A MARSEILLE, UN CONGRES POUR DEVELOPPER LES ECHANGES TECHNOLOGIQUES ENTRE PAYS MEDITERRANEENS


Marseille de notre correspondant régional

France Technopôles Entreprises Innovation (FTEI), qui regroupe 80 membres spécialisés dans l'innovation technique et industrielle, a réuni son congrès à Marseille, les jeudi 4 et vendredi 5 juillet, sur le technopôle de Château-Gombert. Les congressistes cherchent à poursuivre leur travail sans étouffer les initiatives locales qui ont fait le succès de leur réseau, présidé par Jean-François Balducchi.
François Kourilsky, président de Méditerranée Technologie (MT), émanation du conseil régional Provence-Alpes-Côte-d'Azur, a ainsi développé l'idée que, après les parcs d'innovation comme Sophia Antipolis, modèle impeccable et dépassé, il fallait désormais penser en termes de "toile technopolitaine".
C'est-à-dire tisser des réseaux entre les pôles d'excellence de la recherche universitaire ou industrielle.
Mais la nouveauté de la rencontre résidait surtout dans la présence de délégations venues de tout le pourtour méditerranéen pour évoquer les "échanges euroméditerranéens" dans ces domaines. Eu égard à la situation au Proche-Orient, il fallait d'abord que les délégués des dix pays riverains présents puissent se parler.
Les conseillers culturels et scientifiques des ambassades ont dû déployer, jusqu'à la dernière minute, de nombreux efforts.
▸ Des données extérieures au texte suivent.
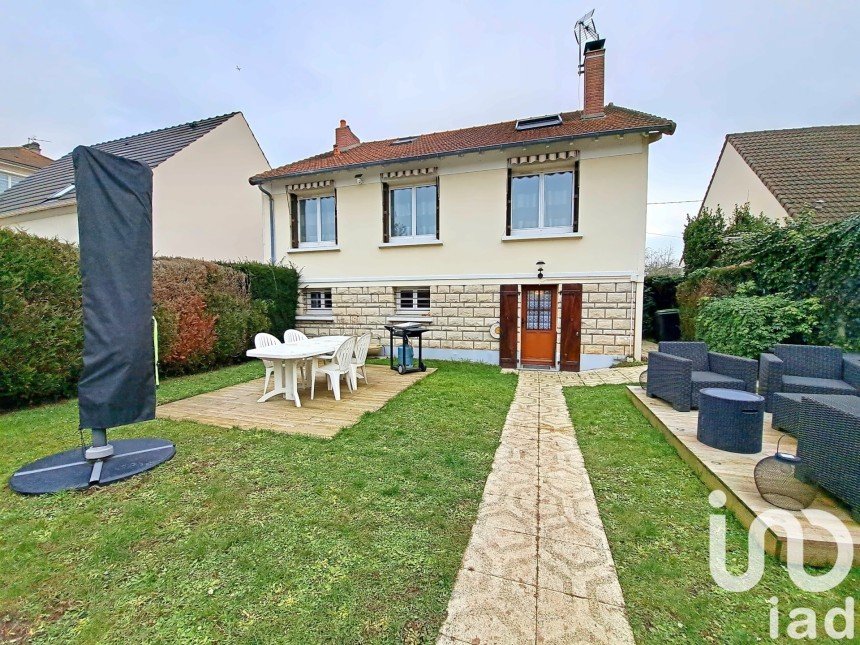 Traditional house 5 rooms of 94 m² in Cormeilles-en-Parisis (95240)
Mais on a finalement entendu à Marseille les premiers échanges sur ce terrain entre des Syriens, qui se lancent dans l'aventure des zones technologiques avec l'université de Bath, près de Homs, des Israéliens, dont la capacité au transfert d'innovation est réputée dans le monde entier, et des Libanais, dont le pôle technologique Berytech, lancé par les universités mais désormais entièrement privé, a récemment signé un accord de partenariat avec Méditerranée Technologie.

PASSAGE OBLIGÉ

Le congrès a aussi découvert que les pays du Maghreb, demandeurs de transfert technologique, développent eux-mêmes des pôles d'excellence : la Tunisie dans les industries de la mer ou l'agroalimentaire, ou l'Algérie dans les télécommunications avec le premier "cyberparck", entièrement financé par le groupe privé Khalifa.
La spécificité méditerranéenne a été l'une des questions évoquées. Le représentant de Marseille Innovation a ainsi plaidé pour des coopérations centrées sur les nouvelles technologies de l'information, tandis qu'un délégué turc abordait la question différemment : il a raconté que, après le tremblement de terre qui avait fait près de 20 000 morts à une centaine de kilomètres d'Istanbul en 1999, il fallait préparer "la ville au futur tremblement de terre qui aura lieu dans trente ans". C'est le but du Programme technologique sur les tremblements de terre du Centre de recherche de Marmara, qui rassemble des équipes venues d'Italie, de France et d'Allemagne. L'"un des meilleurs exemples, selon l'intervenant, de collaboration méditerranéenne" - ce qui n'empêche pas des Japonais d'y participer.
Autre idée, avancée par une déléguée italienne : "Pour le développement des affaires, l'accès commercial à un marché n'est plus suffisant" : l'accès aux technologies locales et l'échange des bonnes pratiques sont maintenant un passage obligé. Dans le secteur des fruits, par exemple, celui qui commercialise cherche désormais à contrôler le processus de production jusque dans les vergers. Façon de dire que toute coopération s'inscrit désormais dans des échanges de technologies.